According to Hunt, before using Content Manager, the City had little idea what information bureaus and departments held. “We didn’t know what people were doing with their electronic records,” he says. “Maybe they were on shared drives and sitting there forever. Or maybe they were being destroyed before they should be.”
Content Manager has proven to be a powerful tool in enabling the City of Portland to keep track of millions of physical and electronic records.
The software has also enabled the City to set rules regarding how long records should be retained and who can access them, and to tailor workflows to suit the specific business requirements of its different bureaus and departments.

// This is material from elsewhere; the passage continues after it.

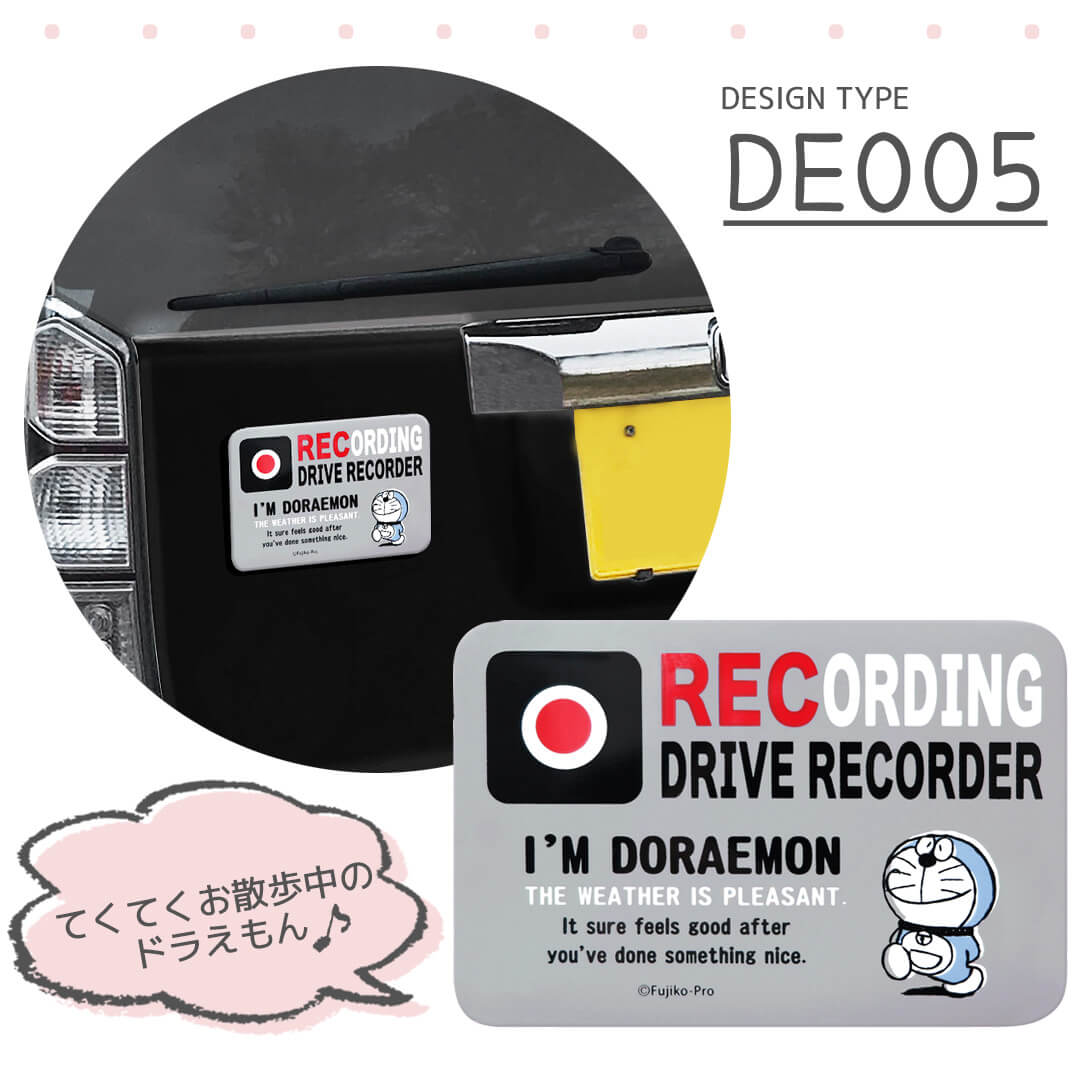 ドライブレコーダーサイン アイムドラえもん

By steadily increasing the number of bureaus and departments using the system, and holding data in a central repository, the City has greatly reduced the time and cost involved in managing its archives and public records while increasing utility and convenience for internal and external groups seeking access to public records.

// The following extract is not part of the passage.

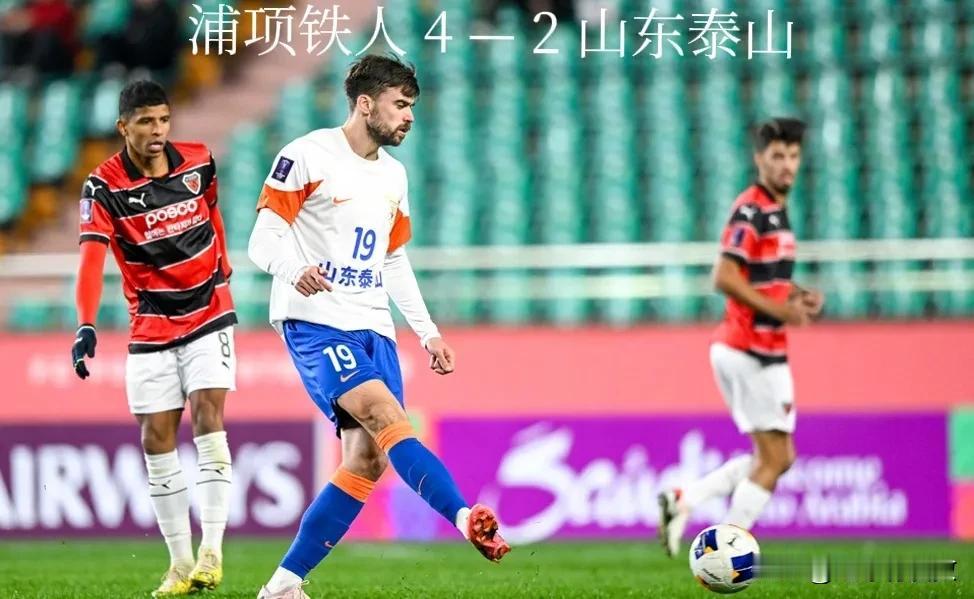 11月6日世界足坛诞生了哪些进球大战？

欧冠：葡萄牙体育 4—1 曼城
欧冠：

This has been particularly beneficial to groups such as the City’s lawyers who regularly need to search through records to support their activities. “We’ve made a lot of friends in the Attorney’s office because they like the search-ability of the system,” says Brown. “They don’t have to receive a bunch of forwarded emails from City employees because if records are in Content Manager they can quickly find them.”
Content Manager has become a central part of the City of Portland’s information management environment. After 17 years in place, the system is used to capture and manage records as diverse as scans of historical documents, messages sent and received by the City’s elected officials, contracts, megabyte-heavy weather and city planning related files, and sensitive personnel files.

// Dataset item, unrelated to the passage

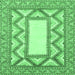 Square Abstract Emerald Green Modern Rug, abs2692emgrn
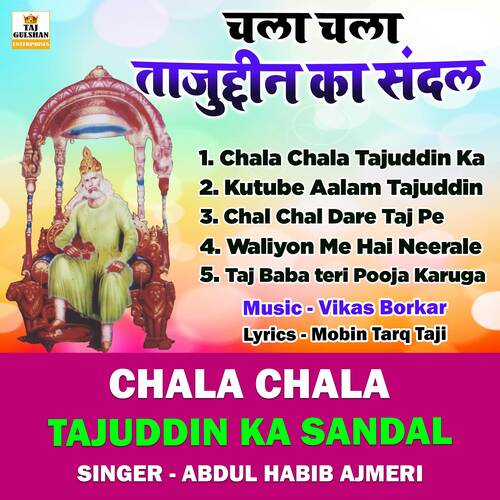 Chal Chal Dare Taj Pe Chal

The software makes it straightforward for City staff to specify who can access records. Secure access is a critical feature given officials’ messages are only to be shared within their offices, and health records must only be available to relevant managers and human resources teams, while some other documents can be released publicly online. The smooth functioning of this approach highlights the strong systems and training that the City has in place, as well as the trust staff have in Content Manager. “There is a lot of confidence in the system,” Hunt comments.
The City of Portland uses the WebDrawer facility within Content Manager to make information readily available to the public online. Individuals can search the City’s archives and public records with the click of a mouse, using a Web-based form. Search engines can index the records directly and become findable through common web searches.
“Having WebDrawer available has been great for getting our archives collection out there,” says Brown. “We like that anyone can just search for anything they might be looking for. They may not even know that we exist but they might find a grandfather who used to work for the fire department, for instance.”
Brown says that the City of Portland is unusual in being able to present historical records alongside bureaus’ day-to-day public records at the click of a button. “I think that’s very unusual because archives and records are usually considered very separate entities,” he comments, adding that the public’s use of WebDrawer has been growing at 31 percent a year on average as more records are made available.
The City of Portland uses Exchange Link within Content Manager to allow messages and documents hosted externally within Office 365 to be captured and stored using the software. The tool runs at the server level to ensure there is no performance impact for users and works with any device. This is especially important to City officials who regularly switch from desktops to mobile devices but must still capture their communications.